Dedicated to Elihu Yale, of Yale University Fame.
A handsome engraved map of the northern Netherlands, depicting Holland, Zeeland, Utrecht, Gelderland, Overijssel, Friesland, and Groningen in the early 18th century. The title cartouche announces that the map is “Corrected, from the Observations communicated to the Royal Society at London & Royal Academy at Paris,” and it is "Humbly Dedicated to Elihu Yale Esq: of Place Grove in Denbyshire" a rare and early cartographic reference to the former East India merchant whose name would soon be given to Yale College.

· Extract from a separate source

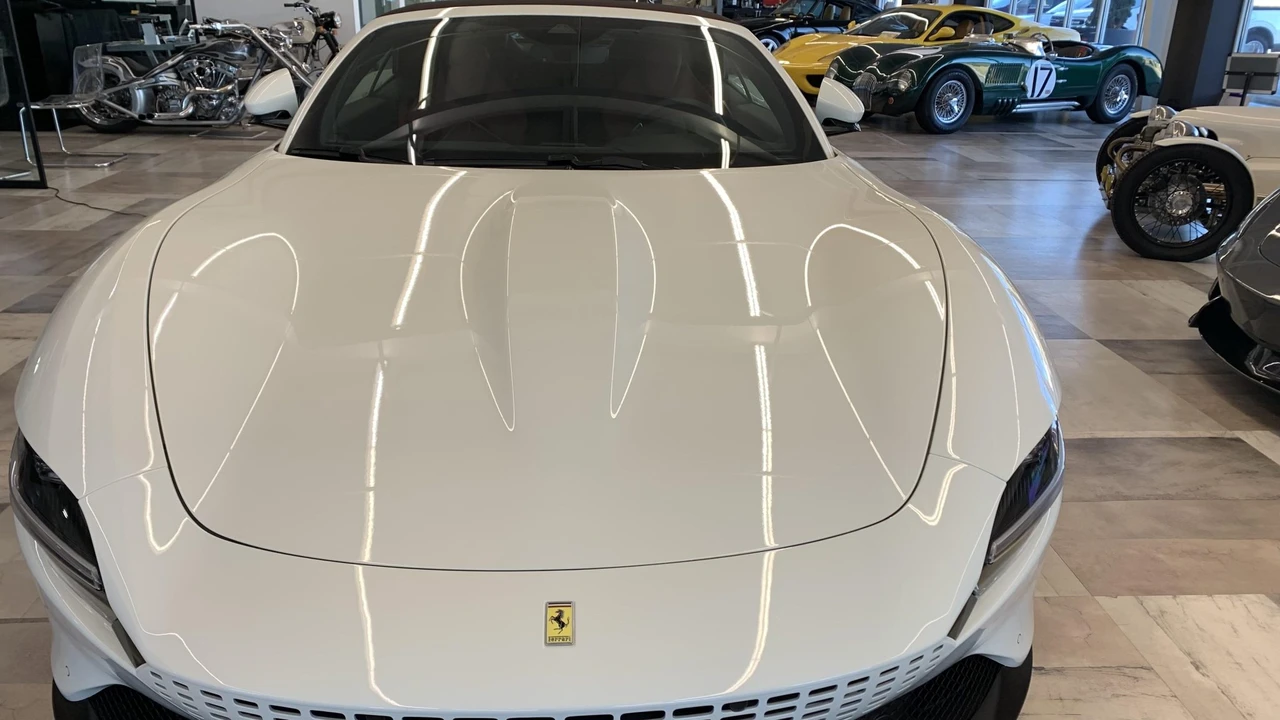 2025 Ferrari Roma Spider - Image 28 of 31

Geographically, the map spans from the Westerschelde and Zeelandic islands in the southwest to Groningen and East Friesland in the northeast, extending eastward into the territories of Münster and Westphalia. It renders the low-lying terrain in dense detail, showing major rivers including the Rhine and Maas, along with dikes, lakes, shoals, and a network of towns and villages. The Zuider Zee commands the center of the composition, an inland sea that would not be dammed and drained until the 20th century.
The dramatic baroque cartouche at upper left is filled with maritime symbolism: Neptune with his trident, mermen and sea beasts, and an array of fish and seabirds.
John Senex (1678-1740) was one of the foremost mapmakers in England in the early eighteenth century. He was also a surveyor, globemaker, and geographer. As a young man, he was apprenticed to Robert Clavell, a bookseller. He worked with several mapmakers over the course of his career, including Jeremiah Seller and Charles Price. In 1728, Senex was elected as a Fellow of the Royal Society, a rarity for mapmakers. The Fellowship reflects his career-long association as engraver to the Society and publisher of maps by Edmund Halley, among other luminaries. He is best known for his English Atlas (1714), which remained in print until the 1760s. After his death in 1740 his widow, Mary, carried on the business until 1755. Thereafter, his stock was acquired by William Herbert and Robert Sayer (maps) and James Ferguson (globes).